Defined BenefitAug 10 2017

Pension transfer delays blamed on IFAs

twitter-iconfacebook-iconlinkedin-iconmail-iconprint-icon
Search supported by
Pension transfer delays blamed on IFAs

The white paper highlighted how the transfer process is suffering from a disconnect between what data pension administrators consider is needed for a transfer value analysis system (TVAS) report and the information IFA firms are requesting in order to advise clients.

The research was carried out among 16 of the industry’s third-party administrators (TPAs) and Employee Benefit Consultants (EBCs) and identified companies had seen increases in requests for cash equivalent transfer values (CETVs) of up to 135 per cent and in actual pension transfers of up to 100 per cent.

This trend was expected to continue or increase once pensions dashboards are introduced in 2019. 

This is resulting in increasing frustrations, spiralling administration costs and poor member experience.
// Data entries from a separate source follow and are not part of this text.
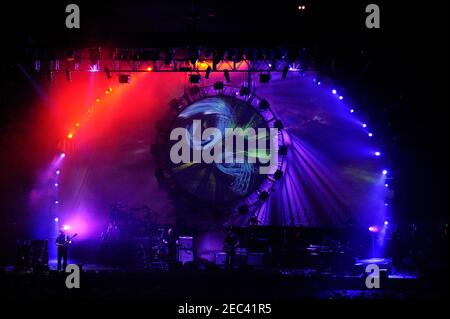 Die Australian Pink Floyd Show Live Liverpool 2008 Stockfoto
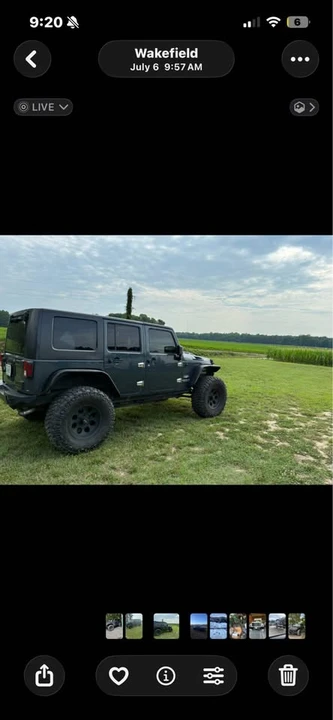 2007 Jeep JK Wrangler - Image 7 of 8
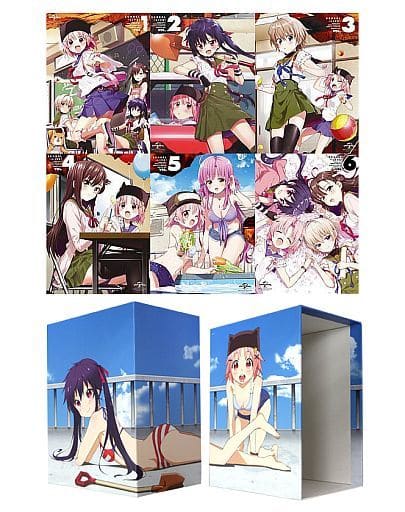 駿河屋 -<中古>がっこうぐらし! 初回限定版 全6巻セット(Amazon.co.jp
It is an issue that needs to be tackled sooner rather than later.Paul Pettitt

Research participants were unable/unwilling to provide end-to-end transfer times, but the regulatory timeframe, as mapped by The Pensions Regulator, for a DB transfer is nine months.

Included in this is the need for ceding schemes to carry out a number of mandatory checks, including member ID, due diligence on the receiving scheme and advice checks.

These checks inevitably further slow down a process which members expect to be as simple as “transferring money between bank accounts”.

However, one of the most commonly reported barriers to smoother, faster transfers, as cited by TPAs and EBCs, was inconsistent and constant data requests from IFAs.

This was attributed to the fact that many IFAs were new to dealing with DB transfers and the data that is required for TVAS, and so were applying defined contribution processes and, in consequence, making requests for “irrelevant” information.

This has resulted in some administrators providing the absolute minimum data they believe is required for TVAS, in order to deal with the volumes of requests. 

On the other side of the coin, it was recognised that IFAs consider the information supplied by pension scheme administrators as not fully encompassing their needs in order to provide full advice to the client.

Paul Pettitt, managing director of Origo, said: “What our research reveals is an industry under pressure, working in silos, each with different views of their regulatory commitments and counter-party data requirements and so expectations of what is needed, what can be achieved and by when are very different.

"This is resulting in increasing frustrations, spiralling administration costs and poor member experience. It is an issue that needs to be tackled sooner rather than later."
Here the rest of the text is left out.